La de Cárdenas es la memoria política más viva después de la muerte, reencarnada en obras públicas, en escuelas, en poblados, en corrientes electorales y como sinónimo de tiempos políticos mejores.
Parafraseando a Pericles, del General podría decirse que tuvo como tumba el territorio nacional y que su recuerdo pervive grabado no sólo en un monumento, sino, sin palabras, en el espíritu de cada mexicano.
A la distancia es posible decir que el General fue fiel a sí mismo. Durante su sexenio dio a la Presidencia un aura eclesial: creía en México como San Agustín creía en Dios y guardaba una devoción talmúdica a la Constitución y a las leyes del país, pero al mismo tiempo era un populista carismático que asoció a las masas trabajadoras en la tarea política de transformar al país -dejándolas de ver como dóciles y manipulables rebaños- y las puso al frente de la lucha por sus intereses de clase y la edificación del nuevo Estado, pero no colocó en la mesa de debates decisiones políticas clave como la expropiación o el desmantelamiento del Maximato, medidas personalísimas nacidas de una singular capacidad para leer las circunstancias económicas, políticas y sociales del momento, lo que los modernos analistas llaman el Zeitgeist.

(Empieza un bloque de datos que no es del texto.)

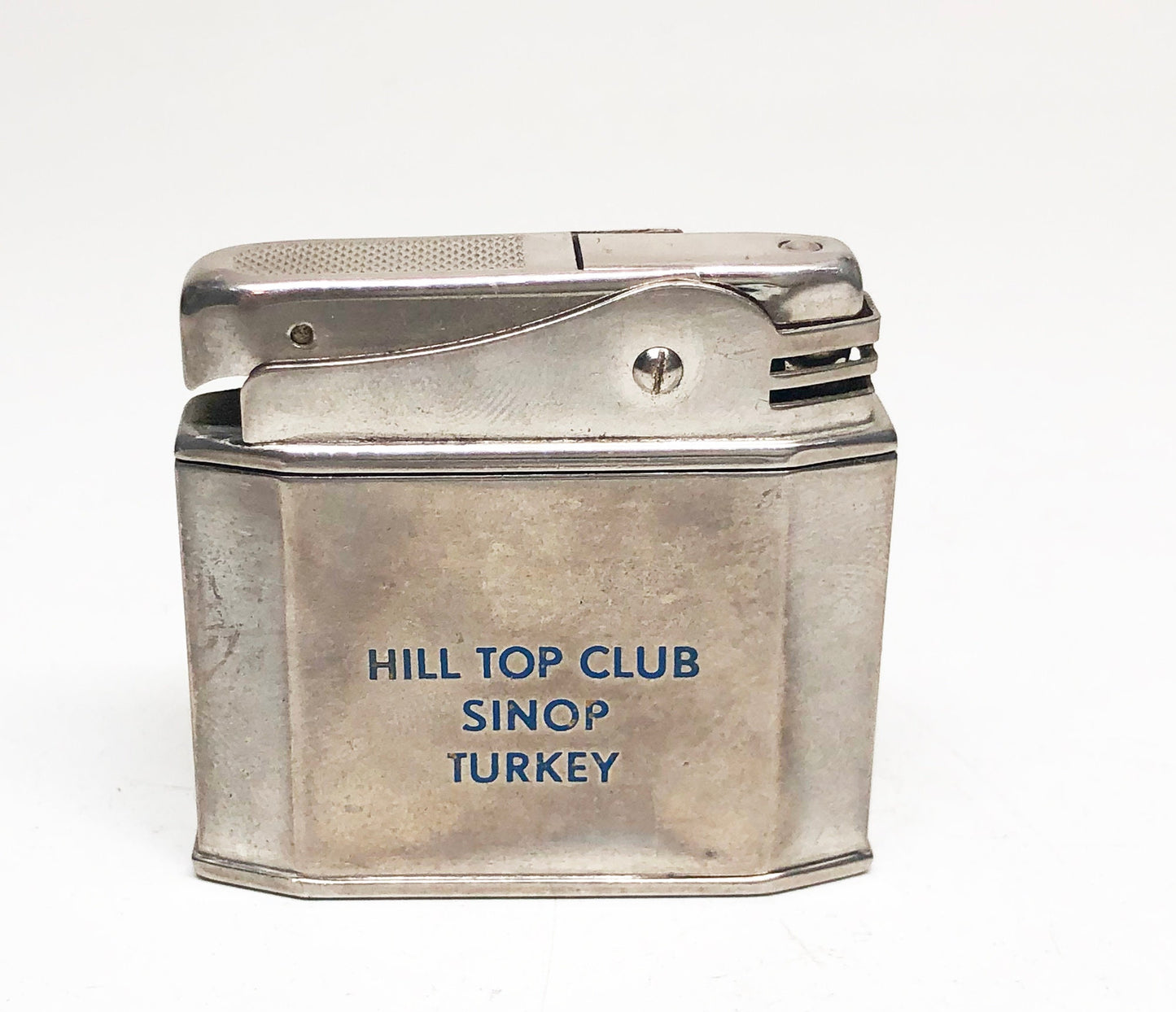 1940s Turkey Map Augusta Brand Lighter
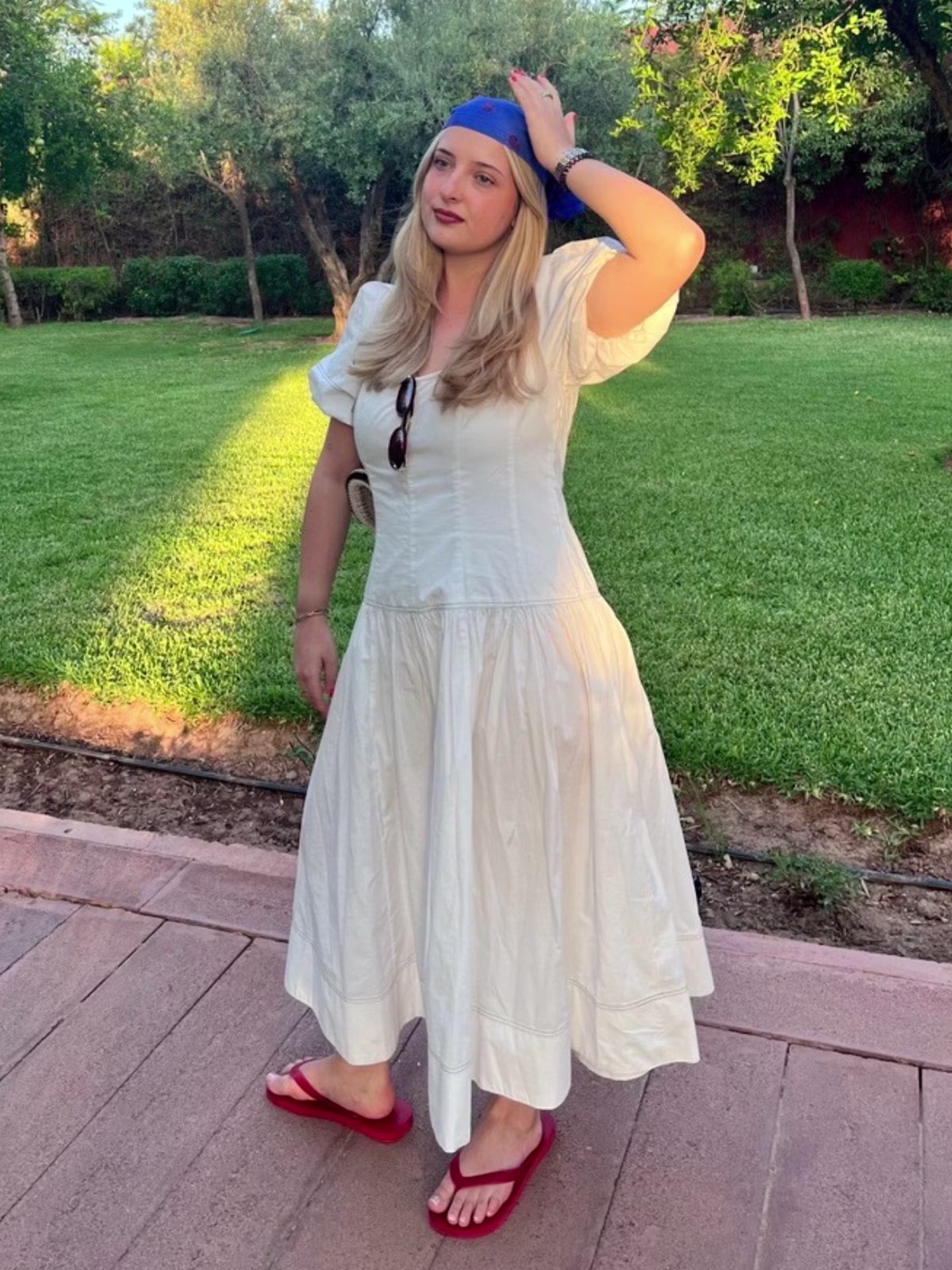 The Bandana Styling Hack Turning Basics Into Fashion Moments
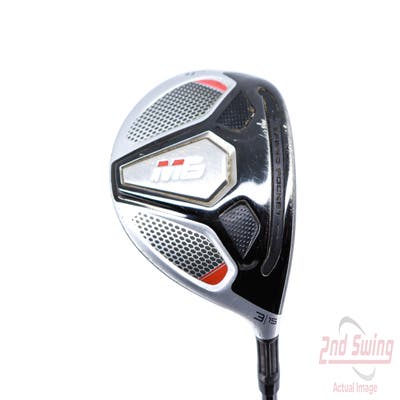 TaylorMade M6 Fairway Wood 3 Wood 3W 15° Fujikura ATMOS 6 Orange FW Graphite Stiff Right Handed 43.0in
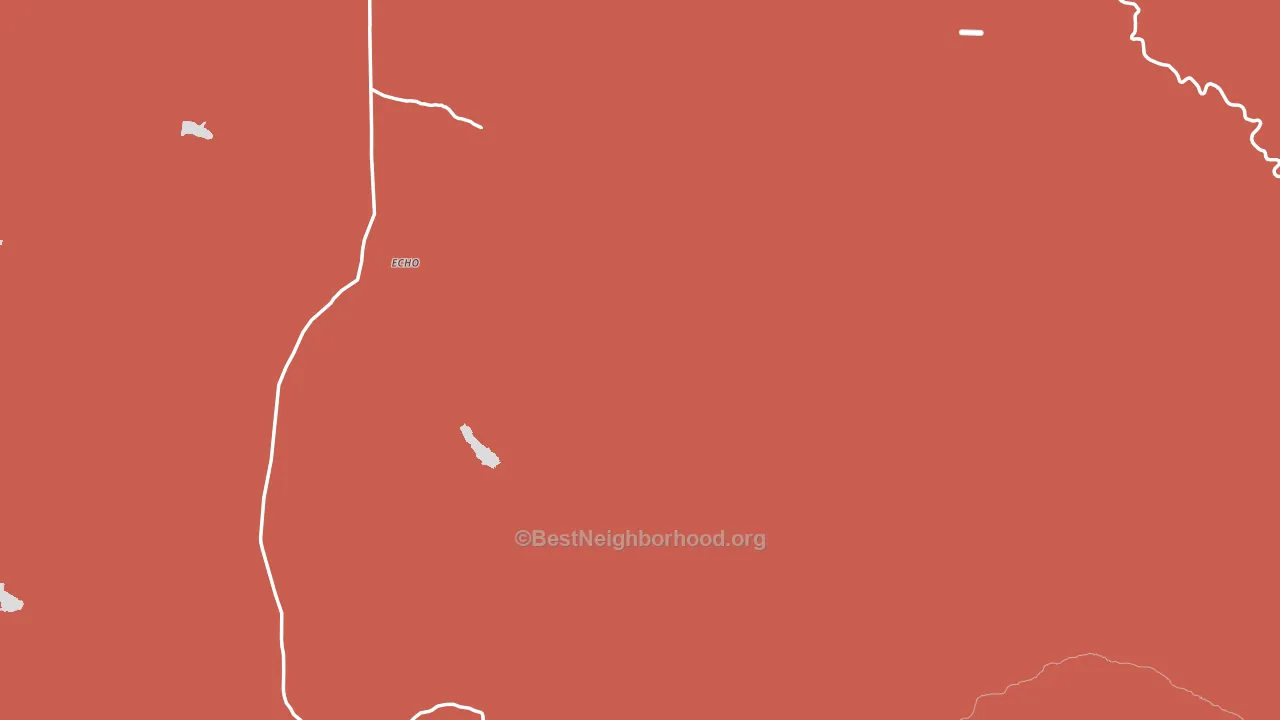 89831, NV block-group political-lean map
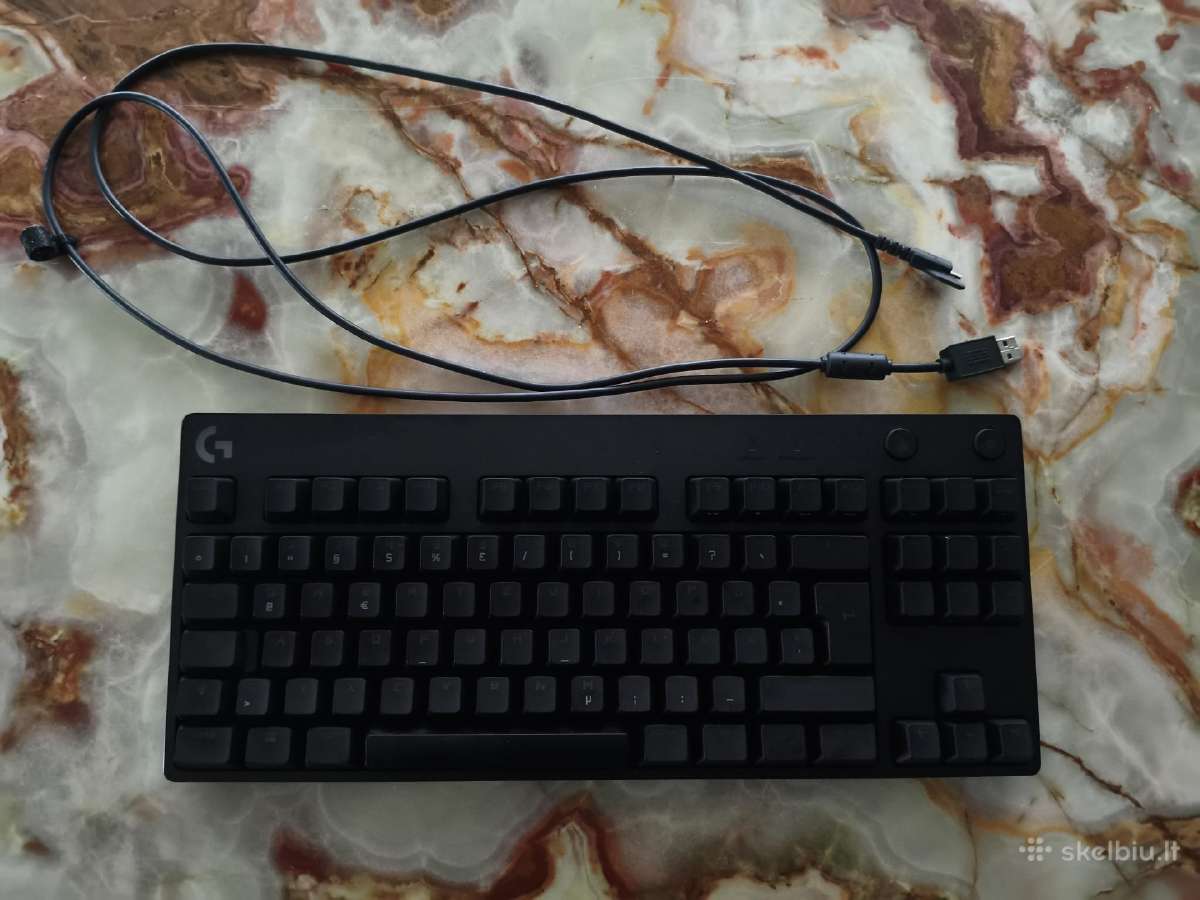 Logitech G Pro Tkl mechaninė žaidimų klaviatūra - nuotraukos Nr. 3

Al estudiar la trayectoria de este hombre singular, no deja de asaltarme la
sensación de que el General fue fundido en bronce por generaciones políticas que se apresuraron a transformarlo en reliquia para el museo de la Revolución, deslavando la sustancia de un modelo de gobierno y una conducta política que, con todas las críticas que se le puedan o quieran hacer, tuvo siempre como principios el bien común y no el provecho personal; el interés de la nación y su defensa inteligente y no el entreguismo; la justicia para las mayorías y no el favor a los pocos. ¿De cuántos gobiernos desde 1940 se puede decir lo mismo?